→ **DATASET EXTRACT**
--------

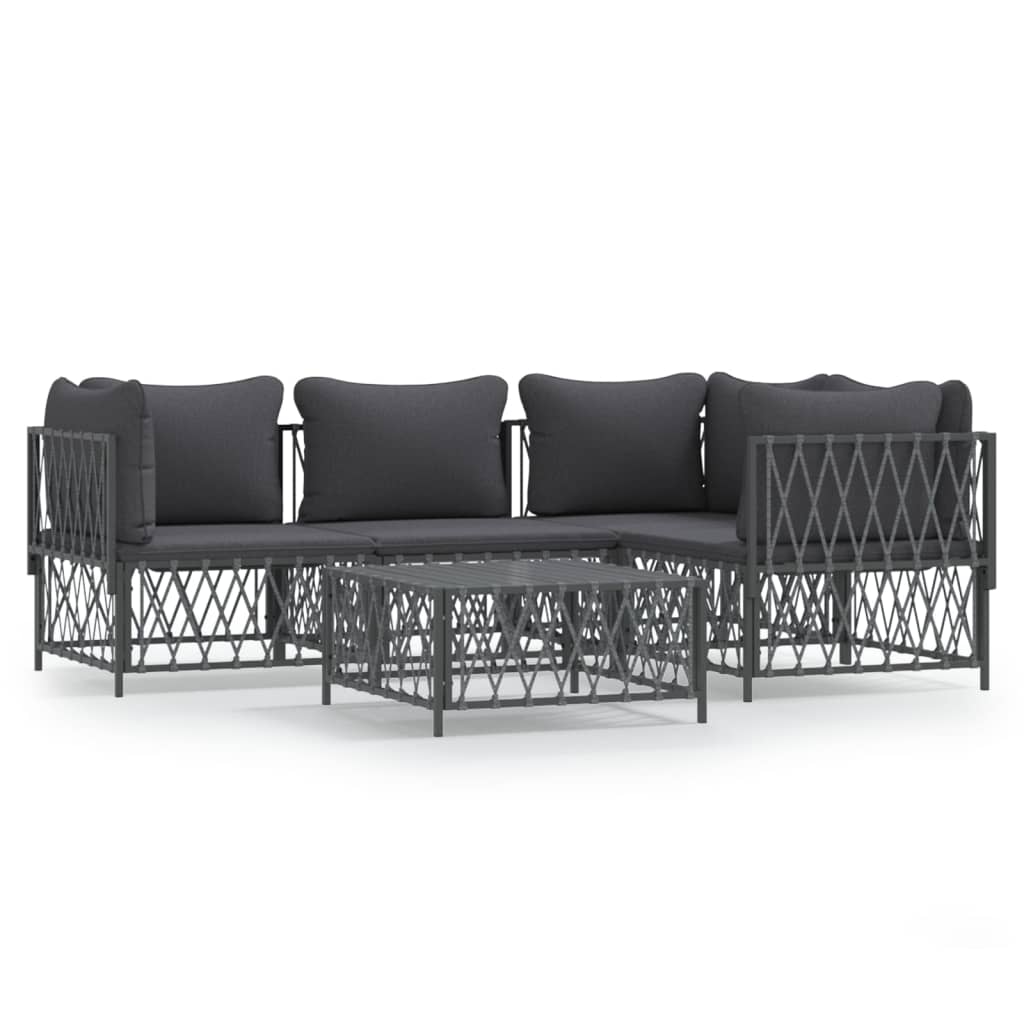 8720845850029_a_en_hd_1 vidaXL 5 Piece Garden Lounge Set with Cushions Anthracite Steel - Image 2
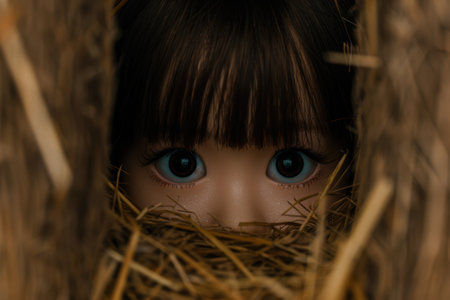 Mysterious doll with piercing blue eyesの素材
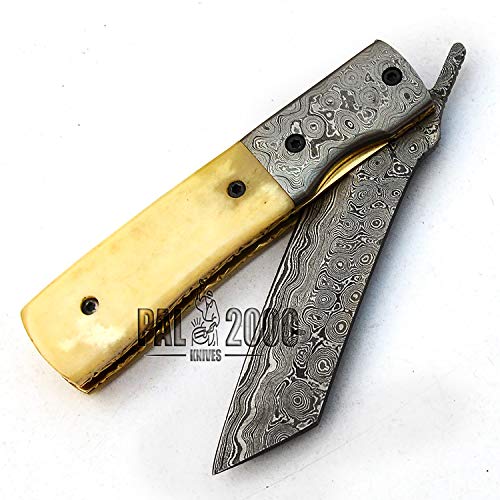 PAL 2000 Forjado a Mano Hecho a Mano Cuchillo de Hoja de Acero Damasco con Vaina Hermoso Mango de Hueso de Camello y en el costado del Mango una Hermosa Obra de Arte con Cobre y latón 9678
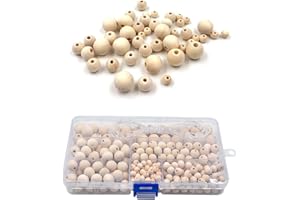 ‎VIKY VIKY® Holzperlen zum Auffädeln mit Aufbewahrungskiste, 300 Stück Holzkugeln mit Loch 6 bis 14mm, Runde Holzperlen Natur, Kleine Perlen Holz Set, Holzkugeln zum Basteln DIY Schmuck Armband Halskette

--------

→ **WORK ITEM**
Copy out the material above in full and exactly; its pictures are not to appear.

→ **RESPONSE TO THIS TASK**
 8720845850029_a_en_hd_1 vidaXL 5 Piece Garden Lounge Set with Cushions Anthracite Steel - Image 2
 Mysterious doll with piercing blue eyesの素材
 PAL 2000 Forjado a Mano Hecho a Mano Cuchillo de Hoja de Acero Damasco con Vaina Hermoso Mango de Hueso de Camello y en el costado del Mango una Hermosa Obra de Arte con Cobre y latón 9678
 ‎VIKY VIKY® Holzperlen zum Auffädeln mit Aufbewahrungskiste, 300 Stück Holzkugeln mit Loch 6 bis 14mm, Runde Holzperlen Natur, Kleine Perlen Holz Set, Holzkugeln zum Basteln DIY Schmuck Armband Halskette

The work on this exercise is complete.